*Assignment*
Take the lines from the one containing "this 250×188 image." through the final line below and restate them exactly. Omit the pictures.

*Material provided*
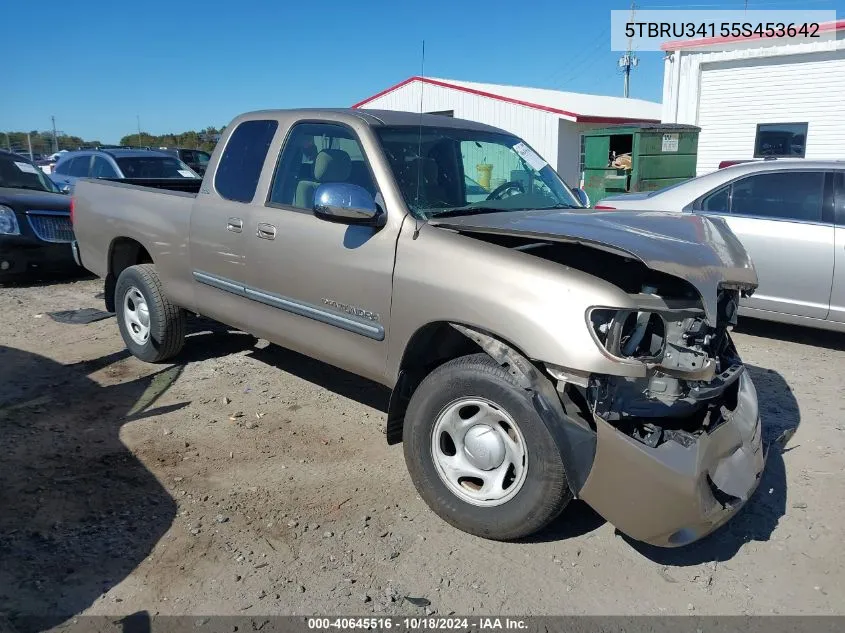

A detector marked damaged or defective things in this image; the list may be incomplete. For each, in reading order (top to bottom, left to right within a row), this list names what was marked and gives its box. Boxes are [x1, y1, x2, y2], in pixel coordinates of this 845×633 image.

cracked headlight housing [0, 205, 20, 235]
damaged toyota tundra [72, 107, 764, 544]
cracked headlight housing [588, 310, 664, 362]
crumpled front bumper [580, 370, 764, 548]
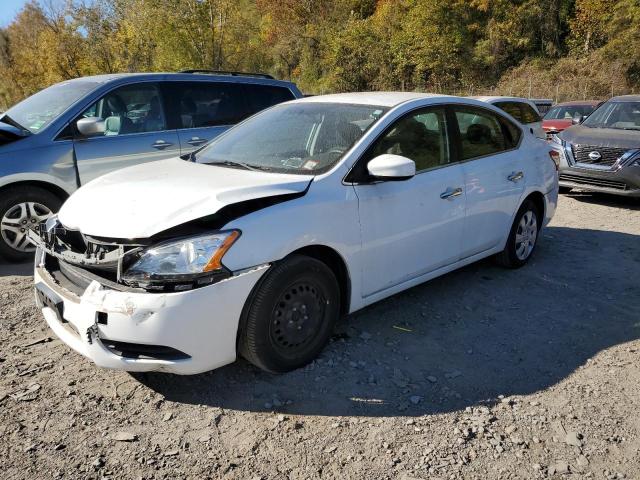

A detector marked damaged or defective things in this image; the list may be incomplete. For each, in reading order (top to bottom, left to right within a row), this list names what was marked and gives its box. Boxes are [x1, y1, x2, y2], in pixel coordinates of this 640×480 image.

crushed hood [560, 124, 640, 149]
broken headlight assembly [120, 231, 240, 290]
crushed hood [58, 158, 314, 239]
damaged white sedan [31, 92, 556, 374]
crumpled front bumper [33, 251, 268, 376]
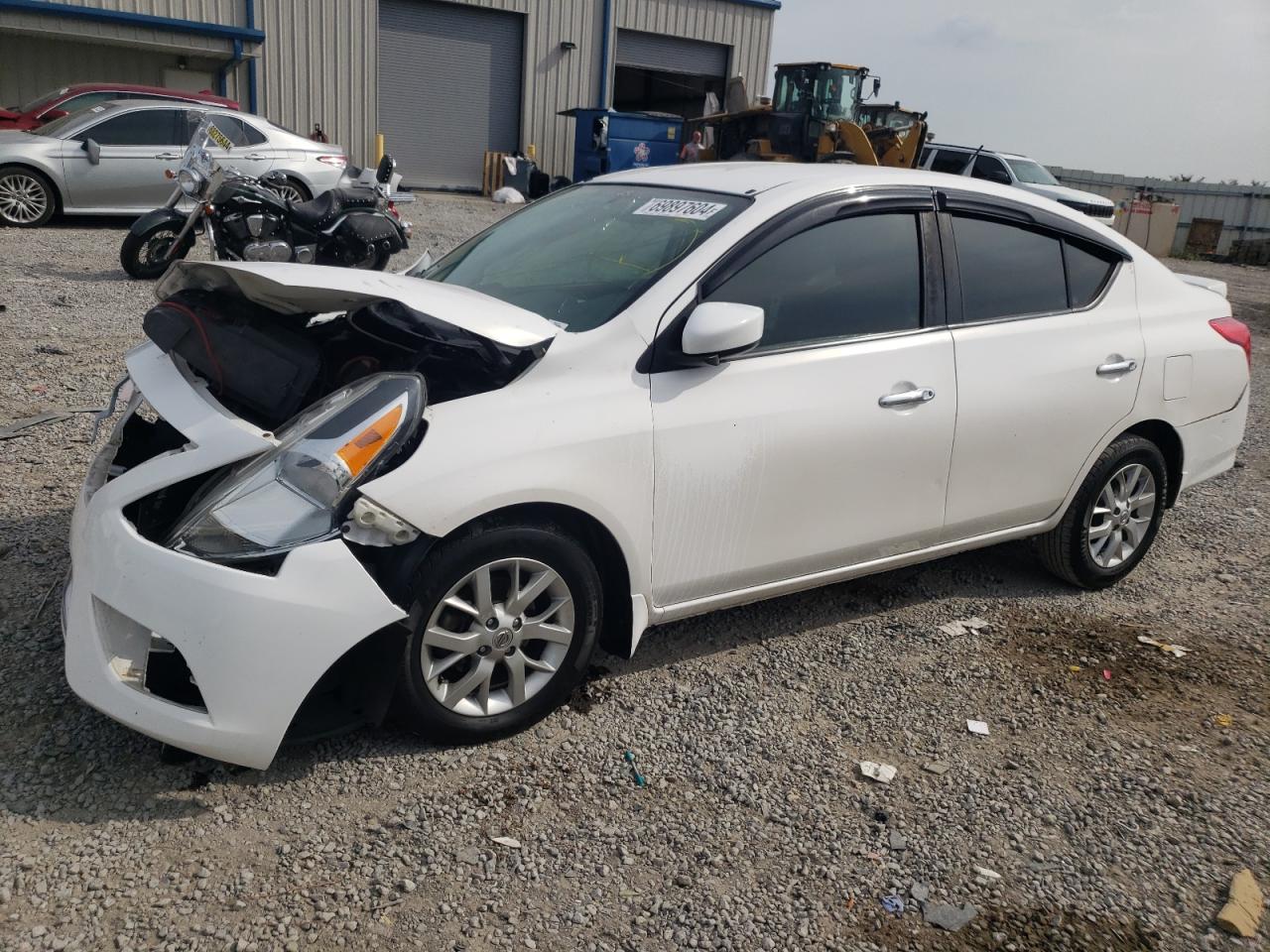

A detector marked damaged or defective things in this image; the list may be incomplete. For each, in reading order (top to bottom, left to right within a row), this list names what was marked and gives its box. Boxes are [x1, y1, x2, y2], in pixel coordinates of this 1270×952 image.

crumpled hood [1024, 182, 1111, 210]
crumpled hood [157, 260, 560, 349]
broken headlight [167, 375, 427, 563]
damaged white sedan [66, 166, 1254, 766]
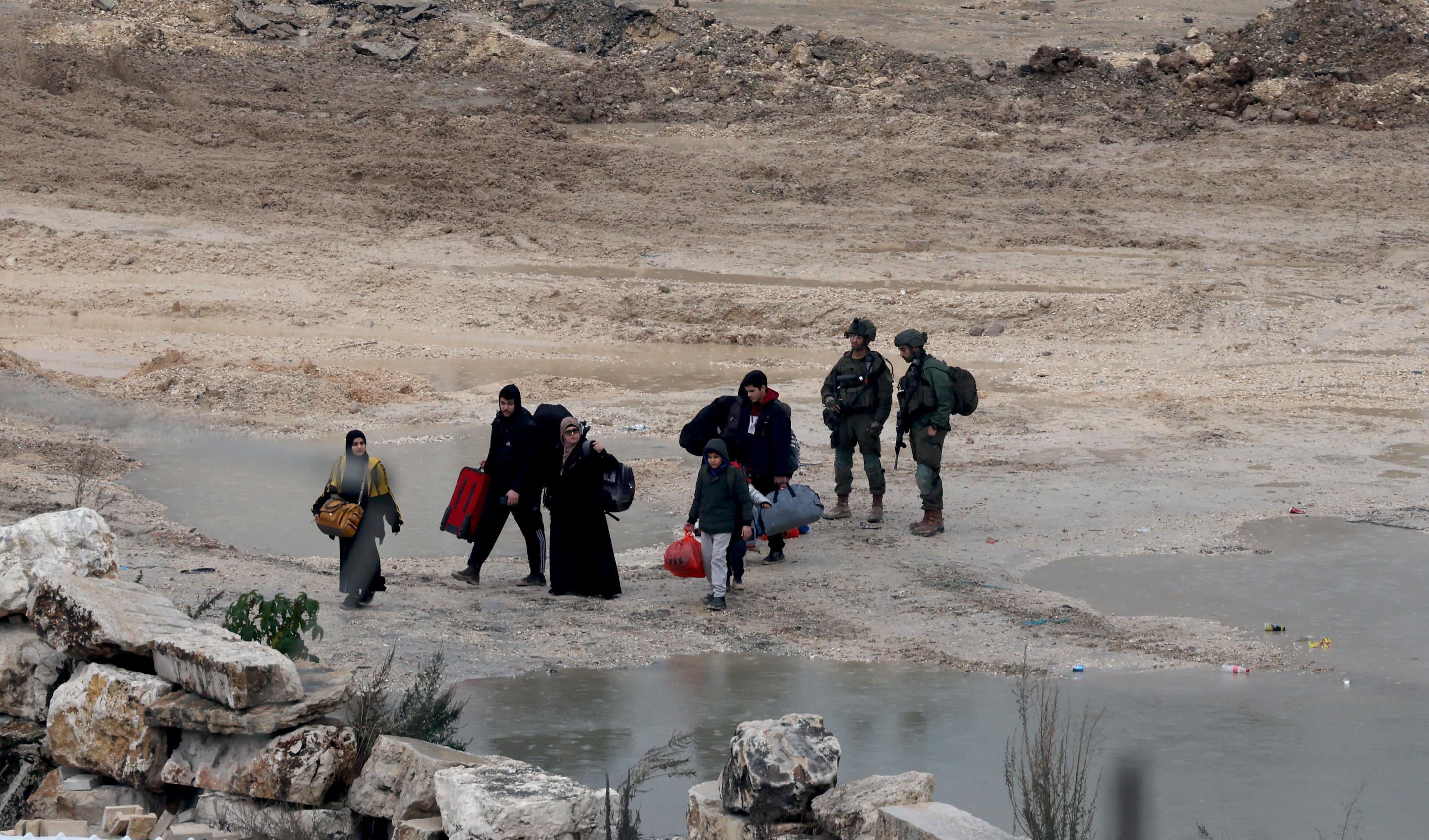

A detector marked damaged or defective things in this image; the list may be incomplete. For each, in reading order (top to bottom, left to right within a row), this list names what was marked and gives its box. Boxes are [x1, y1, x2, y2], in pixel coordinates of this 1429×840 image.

broken concrete slab [232, 9, 269, 30]
broken concrete slab [353, 40, 417, 61]
broken concrete slab [0, 505, 116, 617]
broken concrete slab [27, 574, 214, 660]
broken concrete slab [0, 620, 65, 720]
broken concrete slab [28, 771, 164, 823]
broken concrete slab [46, 663, 177, 794]
broken concrete slab [152, 625, 305, 711]
broken concrete slab [146, 657, 357, 737]
broken concrete slab [161, 723, 357, 805]
broken concrete slab [193, 794, 357, 840]
broken concrete slab [348, 737, 494, 823]
broken concrete slab [397, 817, 446, 840]
broken concrete slab [434, 760, 614, 840]
broken concrete slab [720, 714, 840, 823]
broken concrete slab [817, 777, 937, 840]
broken concrete slab [868, 800, 1017, 840]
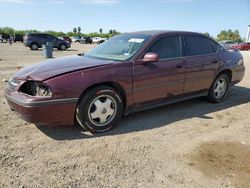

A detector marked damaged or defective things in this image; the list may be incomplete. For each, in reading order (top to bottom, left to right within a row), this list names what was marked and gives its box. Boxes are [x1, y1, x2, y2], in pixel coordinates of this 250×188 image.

exposed headlight housing [19, 81, 52, 97]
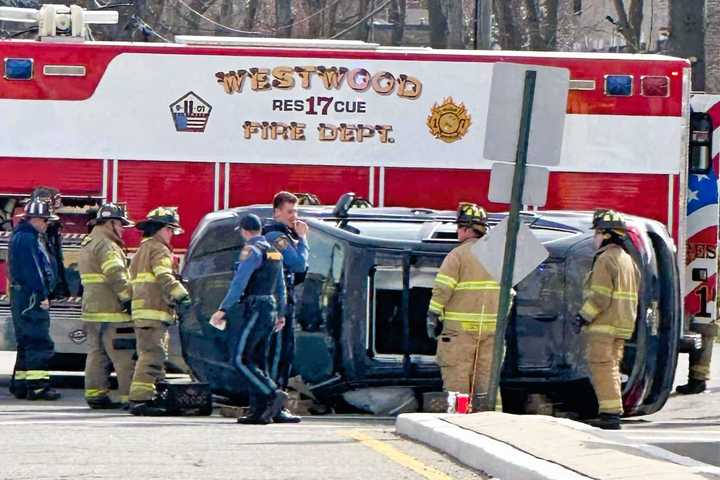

*Result of this task*
A detector marked damaged or defective things in this image; the list may be incomplete. For each, in reading order (top to bottom, left to right within a row), this list names what was marked and gives its box. Boxes are [x1, y1, x2, y2], in pixel coordinates of this 250×188 image.

exposed headlight housing [19, 81, 52, 97]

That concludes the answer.